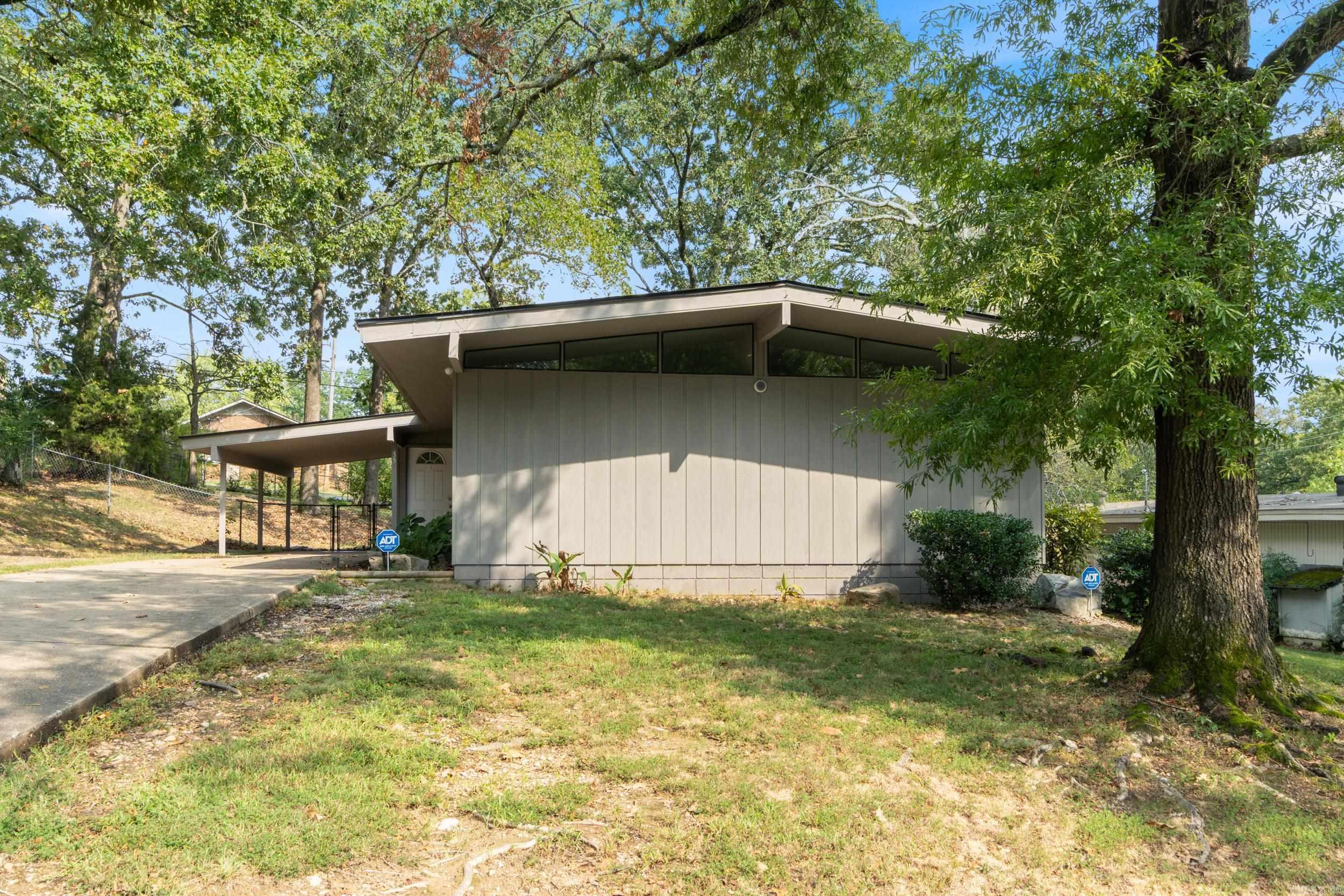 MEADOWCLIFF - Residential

######

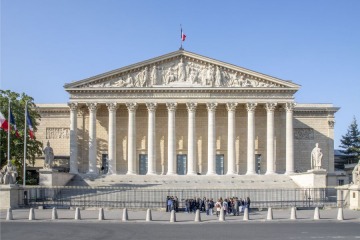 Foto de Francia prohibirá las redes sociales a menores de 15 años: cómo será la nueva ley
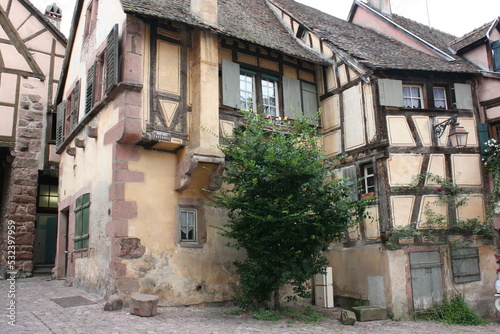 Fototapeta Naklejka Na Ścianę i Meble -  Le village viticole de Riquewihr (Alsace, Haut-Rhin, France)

######

▶ Exercise:
In the entries above, find the line containing "Foto de Francia" and the line containing "Fototapeta Naklejka Na", then copy both and every line between them exactly, without any picture.

▶ Worked solution:
 Foto de Francia prohibirá las redes sociales a menores de 15 años: cómo será la nueva ley
 Fototapeta Naklejka Na Ścianę i Meble -  Le village viticole de Riquewihr (Alsace, Haut-Rhin, France)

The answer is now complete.